What to do before your notice arrives
You do not have to wait for your servicer’s letter to start preparing. Here is a practical checklist:
- Confirm your servicer. Log in to StudentAid.gov and verify which company services your loans. If you are unsure whether you are still on SAVE, your account dashboard will show your current plan status.
- Run the numbers. Use the Department of Education’s Loan Simulator to compare monthly payments under IBR, PAYE, ICR, and the Standard plan. Pay attention to both the monthly amount and the total cost over the life of the loan, including interest.
- Check your forgiveness timeline. If you are pursuing PSLF or long-term IDR forgiveness, verify how many qualifying payments you have made. This information is available on StudentAid.gov and through your servicer. Your plan choice directly affects whether future payments count.
- Update your contact information. Make sure your servicer has your current mailing address, email, and phone number. A missed notice could mean a missed deadline.

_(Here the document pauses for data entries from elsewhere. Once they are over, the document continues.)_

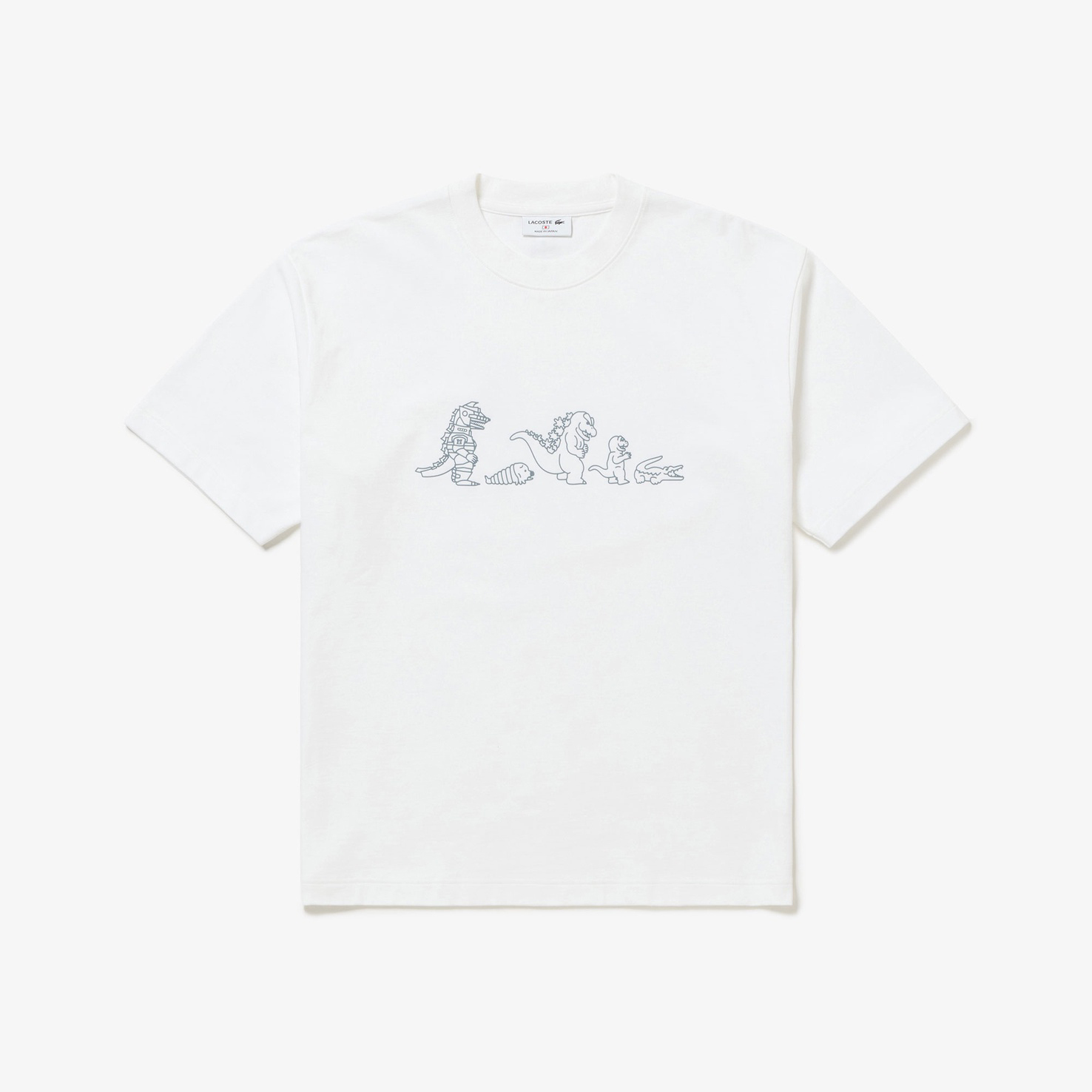 LACOSTE X GODZILLA 2.0 TEAM T-SHIRT 哥吉拉團隊插圖T 白色 後肩王者基多拉-TH03GZJ99-001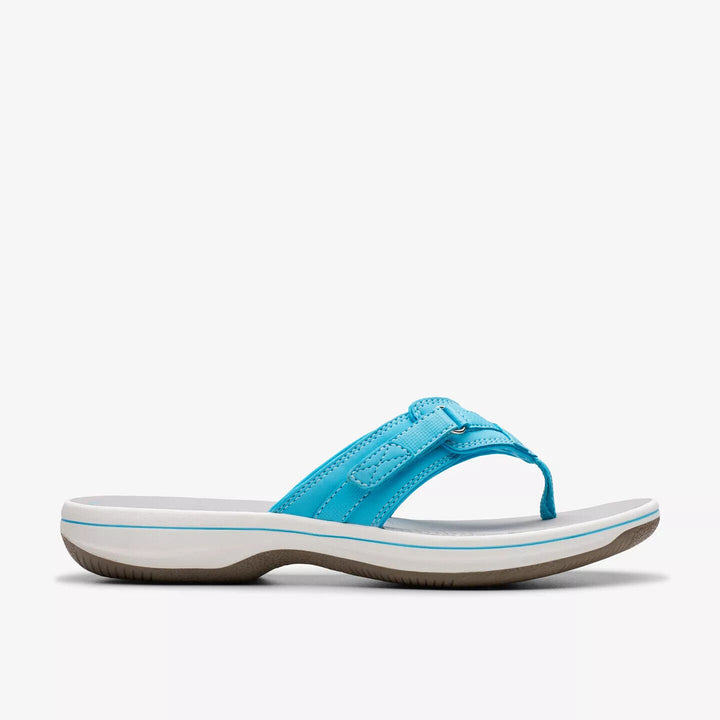 Clarks Brinkley Sea Women Light Adjustable Toe Post Flip Flop Sandals Turquoise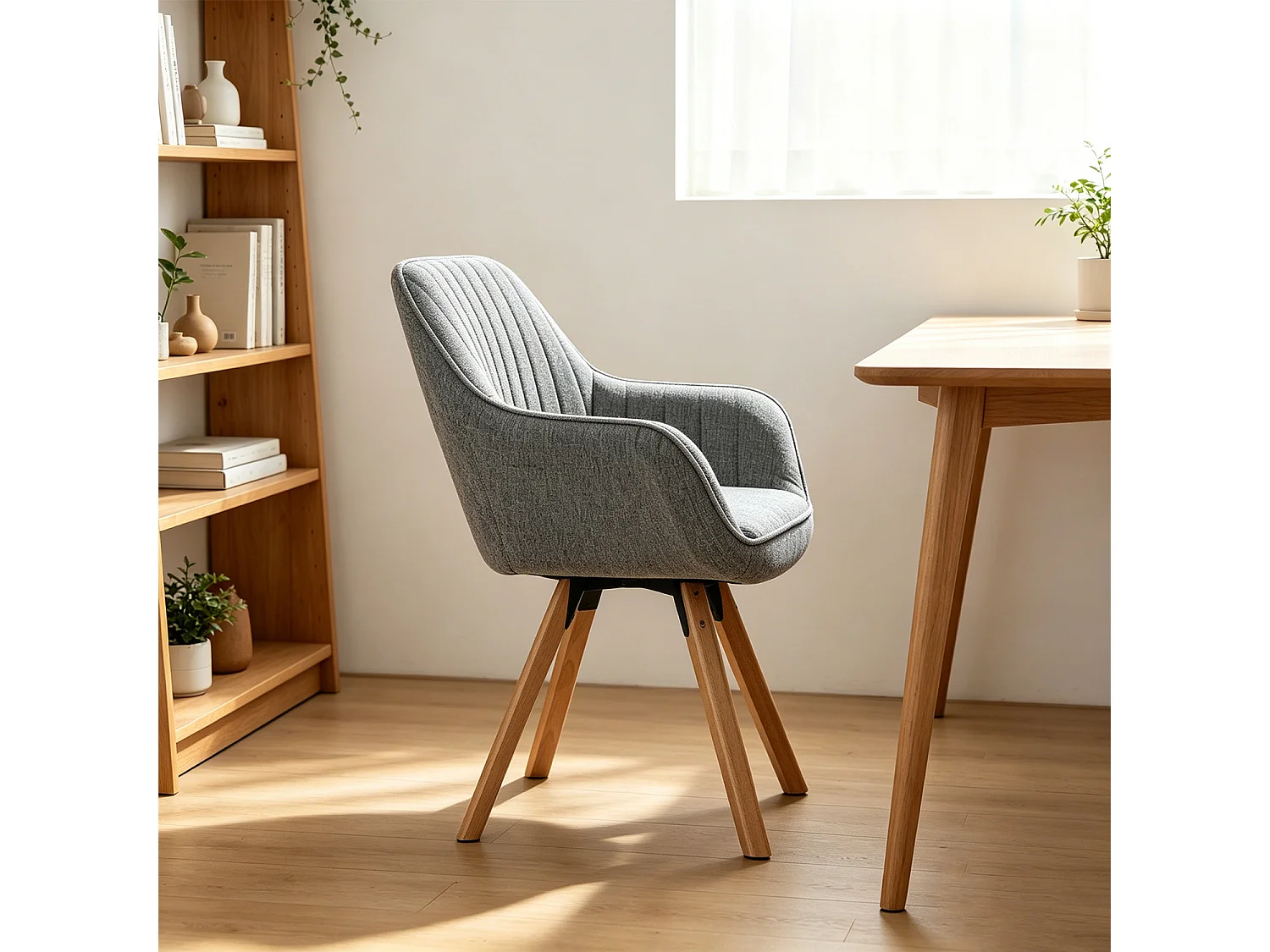 Chaise de bureau pivotante style scandinave en tissu gris avec pieds en bois de hêtre, CARSONOFFICE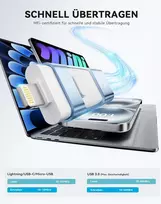 Rospe usb atmintinė 128gb, skirta iphone, 4 in 1 atmintinė, skirta ios/otg android/pc, mfi sertifikuota lightning atmintinė, suderinama su iphone 5–16, usb 3.0 didelės spartos atmintinė, mėlyna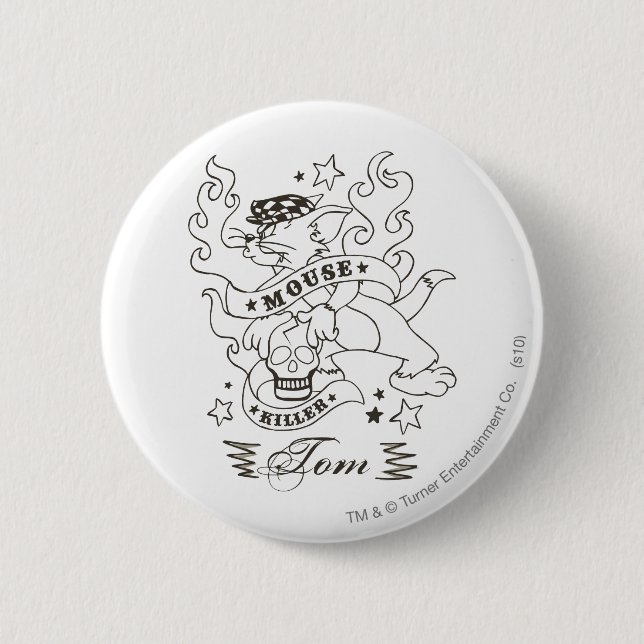 Macaron Rond 5 Cm Tom Souris Tueur Tatouage 1 (Devant)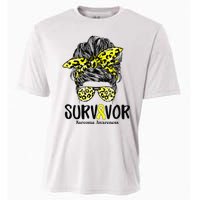 Leopard Messy Bun  Survivor Sarcoma Awareness Cooling Performance Crew T-Shirt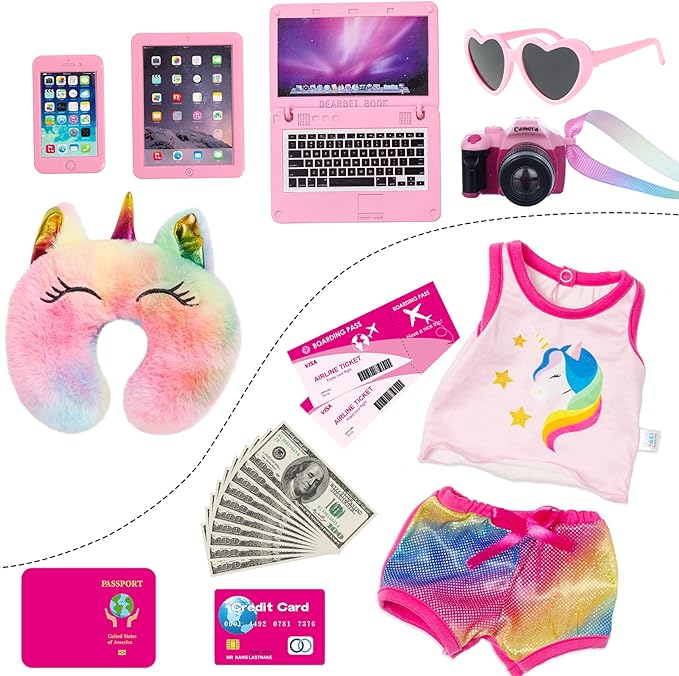 XFEYUE 23 Pcs American 18 inch Doll Clothes and Accessories - Suitcase Luggage , Pillow, Sunglasses, Camera, Passport, Mobile Phone , Computer Doll Travel Gear Play Set (No Dolls)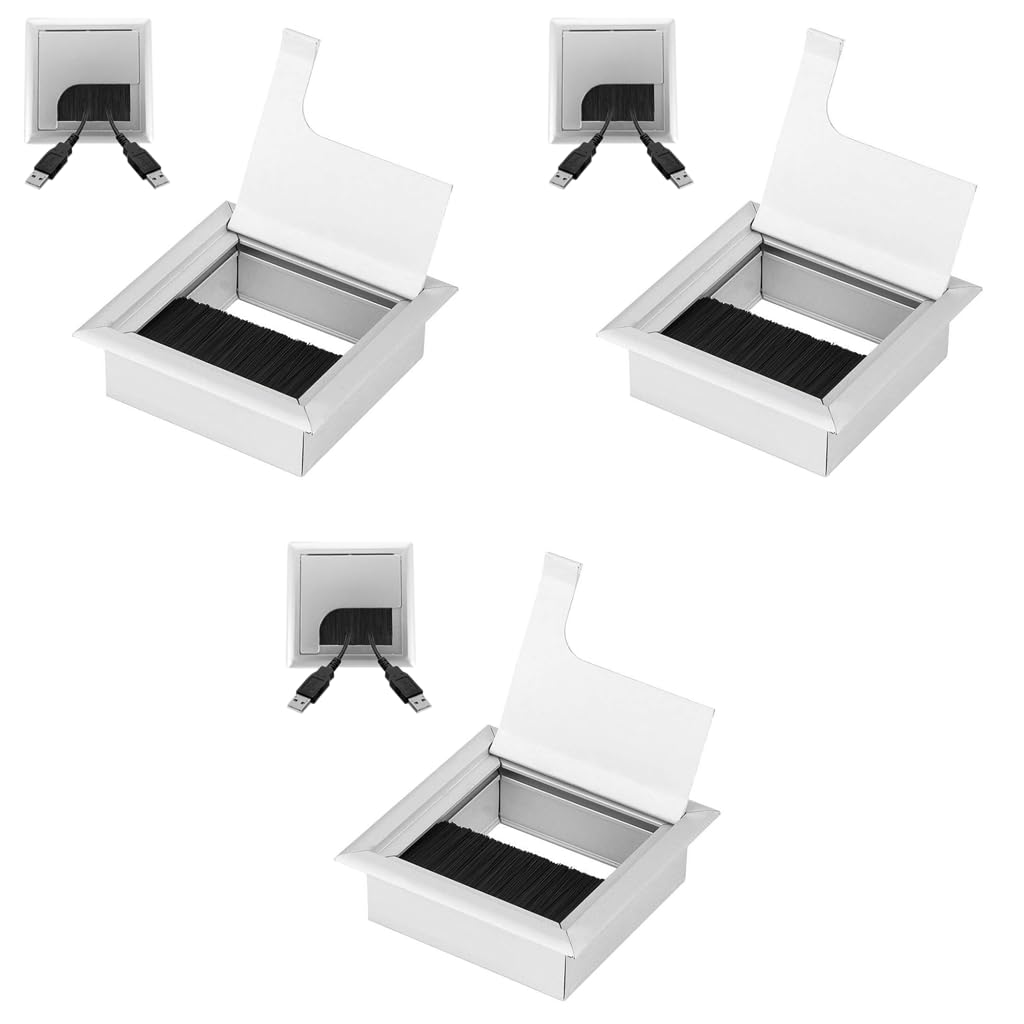 HASTHIP Square Desk Cable Management Hole Cover - Aluminium Office Cord Cap 80x80mm - Retrofit, Silver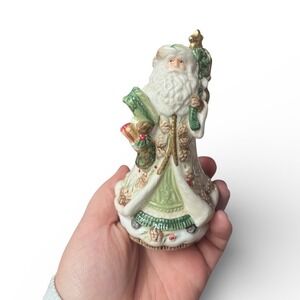 Vintage Fitz and Floyd Small Hand Painted Forest Frost Porcelain Santa Bell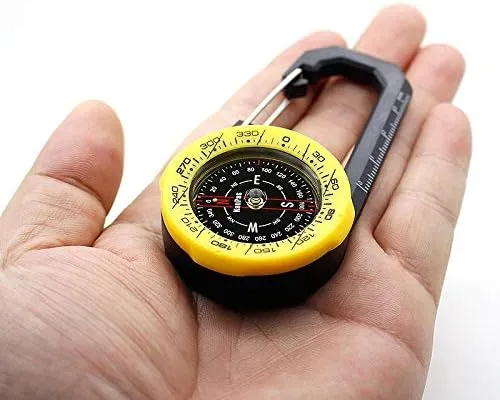 Hanging Button Pointer Type Compass Two Sets of Indexing Systems to Meet Different Needs Design Waterproof Carabiner Outdoor Compass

- Act early. Once you receive your notice, submit your new plan selection as soon as possible. Waiting until the end of the 90-day window leaves no margin for processing delays or servicer backlogs, which have been a persistent problem across federal loan servicers.
- Get help if you need it. Nonprofit organizations and certified student loan counselors can walk you through your options at no cost. Avoid any company that charges a fee for repayment plan selection. That service is always free through your servicer or through the Federal Student Aid website.
The transition away from SAVE is not optional, and the penalty for inaction is a monthly bill that could be two or three times what you were paying before. With servicer notices set to begin in just over seven weeks, the smartest move is to open the Loan Simulator this week, compare your options side by side, and have a plan ready before the letter even hits your mailbox.